Bu arada krize karşı mücadelede Fed ile İngiltere hariç Avrupa Merkez Bankası ECB'nin Fed gibi piyasalara geniş boyutlarda müdahale yerine Almanya örneğinde olduğu gibi yapısal reformlara öncelik verme eğiliminden dolayı yöntem açısından önemli faklılıklar arz ettiğini hatırlatmak gerekir.

ECB'nin para piyasalarına müdahalelerden çekileceğine dair sinyaller vermesi yanında Fed yetkililerinin ABD'de konut piyasalarında taban seviyelerini ön görmenin zor olduğuna ilişkin açıklamalarının ayrıca dikkate alınmasında yarar vardır.

SONUÇ

ABD ve AB'de enflasyonun yükselme eğilimi yanında faizlerin düşürülmesi göz önüne alındığında:

- bonolara olan talebin gittikçe zayıflayacağı

- Euro, Petrol, Altın ve Emtia fiyatlarının yükselişe geçeceği

- DOW'un düşmeye devam edip yeni dip noktalarını arayacağı

varsayımlarını öne sürmek mümkün görünmektedir.

Türkiye'de ise Bütçe Krizin teğet noktalarında hafife alındığı eleştirilerinin yoğunlaştığı 2008 sonu itibariyle kabul edilirken özelleştirmeler, sıcak para, vergi gelirlerindeki ciddi azalmalar ve muhtemel seçim harcamaları sonucu daha ocak ayı içersinde rekor bir artışla açık vermiş bulunmaktadır.

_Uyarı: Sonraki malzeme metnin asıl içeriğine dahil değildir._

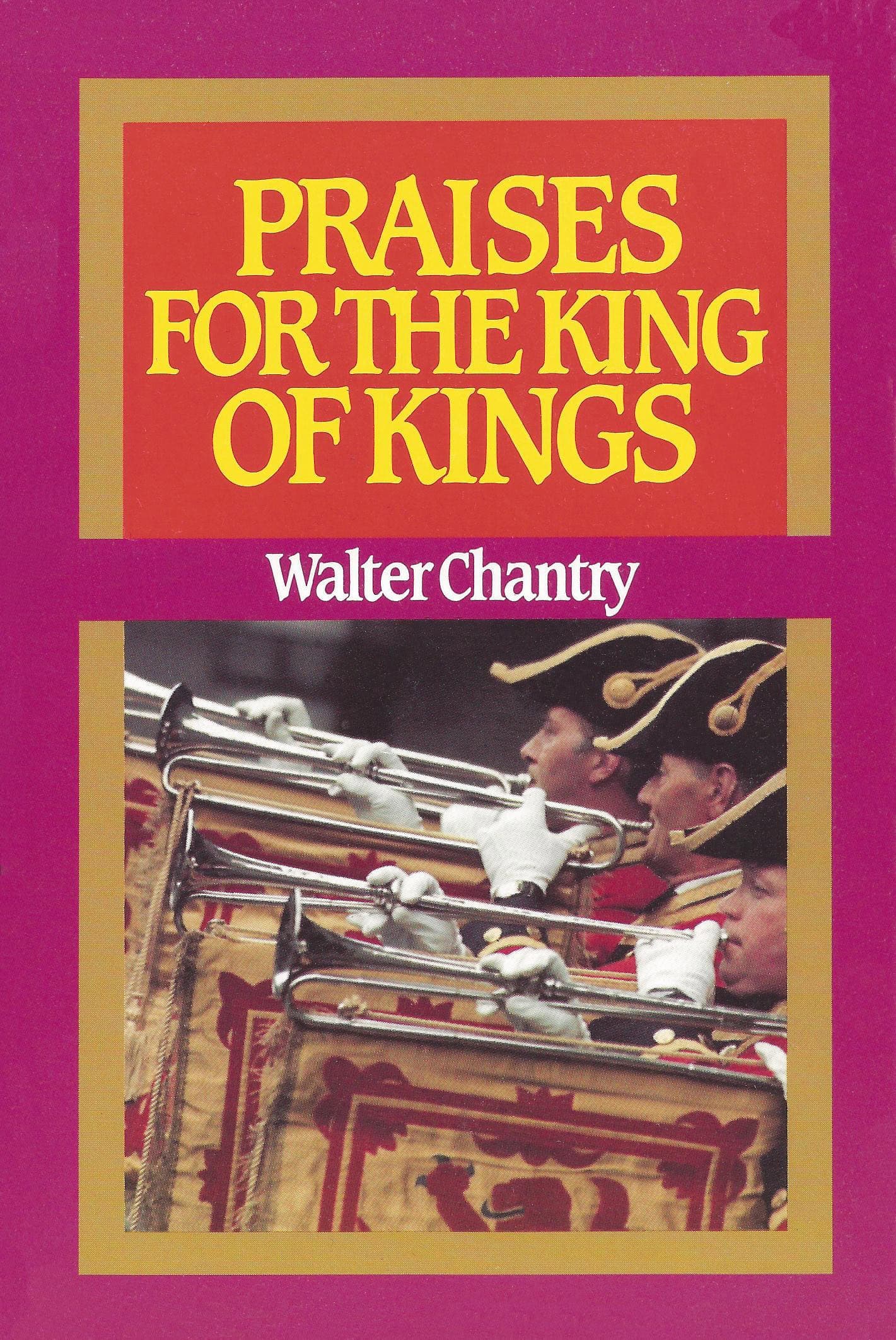 Cover of Praises For The King Of Kings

Bütçe açıklarının kapatılması ve piyasalara kan anlamına gelen likit para verilebilmesi için eski dönemlerde olduğu gibi para basılması düşünülemeyeceğine göre politikacıları da kapsamına alacak ciddi tasarruf önlemleri yanında Türkiye 'nin yeniden iç ve IMF dahil dış borçlanma içersine girmesi zorunluluk haline gelmiş bulunmaktadır.